Brian Stanton

Personal information
- Full name: Brian Stanton
- Date of birth: 7 February 1956 (age 70)
- Place of birth: Liverpool, England
- Height: 5 ft 7 in (1.70 m)
- Position: Midfielder

Senior career*
- Years: Team / Apps / (Gls)
- 1976–1979: Bury / 83 / (14)
- 1979–1986: Huddersfield Town / 209 / (45)
- 1986: → Wrexham (loan) / 8 / (0)
- 1986–1988: Rochdale / 49 / (4)

= Brian Stanton (footballer) =

English footballer

Brian Stanton (born 7 February 1956) is an English former professional footballer who played in the Football League for Bury, Huddersfield Town, Wrexham and Rochdale.
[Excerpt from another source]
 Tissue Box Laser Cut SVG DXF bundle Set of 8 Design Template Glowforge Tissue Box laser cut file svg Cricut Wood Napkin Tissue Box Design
Before becoming professional he was an amateur footballer in the local Liverpool leagues and also played a number of games for New Brighton. In November 1975 he joined Bury on amateur forms, for whom he later signed professional forms in March 1976 at the age of 20, following the conclusion of his engineering apprenticeship. An energetic and hardworking midfielder for Bury, Huddersfield Town (Wrexham on loan for one month in 85/86 season) and Rochdale. He also had a short period at the then non-league Morecambe before going back to the professional ranks for a couple of seasons with Rochdale until 1988 when he was released by manager Eddie Gray. Having left Rochdale he later had a couple of seasons with Colne Dynamoes.

According to the Huddersfield Daily Examiner, although not confirmed, he is widely believed to hold the record for the fastest hat-trick (6mins) for a player that isn't a striker [three of four goals] in the game against local rivals Bradford City in a 6–3 win on 1 January 1983.